How to Document Business Processes Before Automation

A simple method to capture the real steps, decisions, and exceptions in a process so automation is built on reality, not assumptions.

Before you automate a business process, you need to document the real process as it actually runs, not the idealized version. This guide shows you how to capture a process quickly and accurately so your automation is built on reality.

Who Should Do the Documentation

The worst way to document a process is to have a manager watch from the outside and guess what happens. The best way is to watch the person who actually does the work.

Do not document from your own observation. You will miss steps, shortcuts, and exception handling that the person doing the work has learned through experience.

Do document with the person who does the work.
- Schedule 60-90 minutes with the person who regularly performs this process
- Tell them you want to understand how it actually works, not how it should work
- Ask them to walk you through their last 2-3 instances of this task, step by step
- Ask them to narrate their decisions, not just their actions
- Ask them what breaks, what gets skipped, and what they wish they did not have to do

Validate with a second run.
Have the same person (or someone else who does the same task) walk you through it again.
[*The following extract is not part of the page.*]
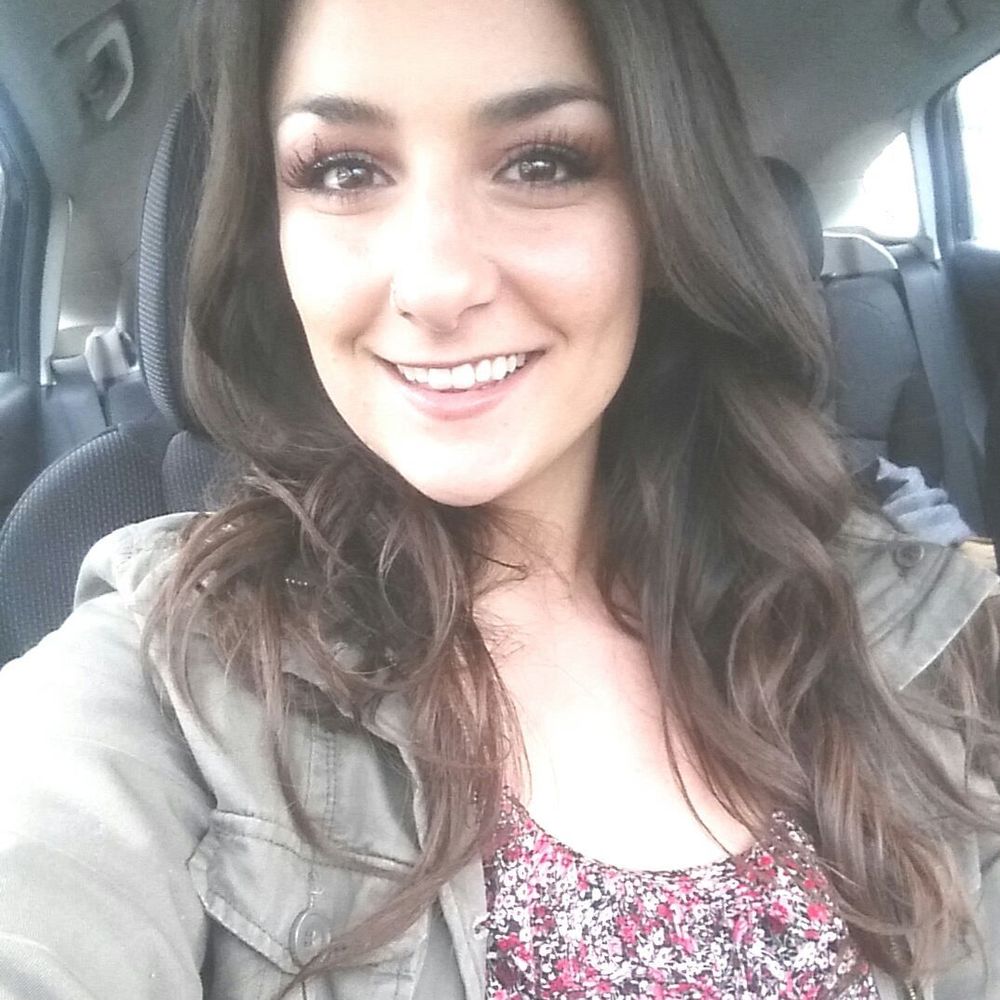 Meet your Posher, Larrisa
Compare the two walkthroughs. Where they differ is where the variability and exception handling lives.

What to Capture

A good process document answers these questions about each step:

What happens: The action taken, written in plain language.

Who does it: The role or person responsible (not just "we" or "they").

What tool or system is used: The specific tool, screen, or file involved.

What information is needed to do this step: What does the person need to know or have access to before they can complete this step?

What is the output: What does this step produce that feeds into the next step?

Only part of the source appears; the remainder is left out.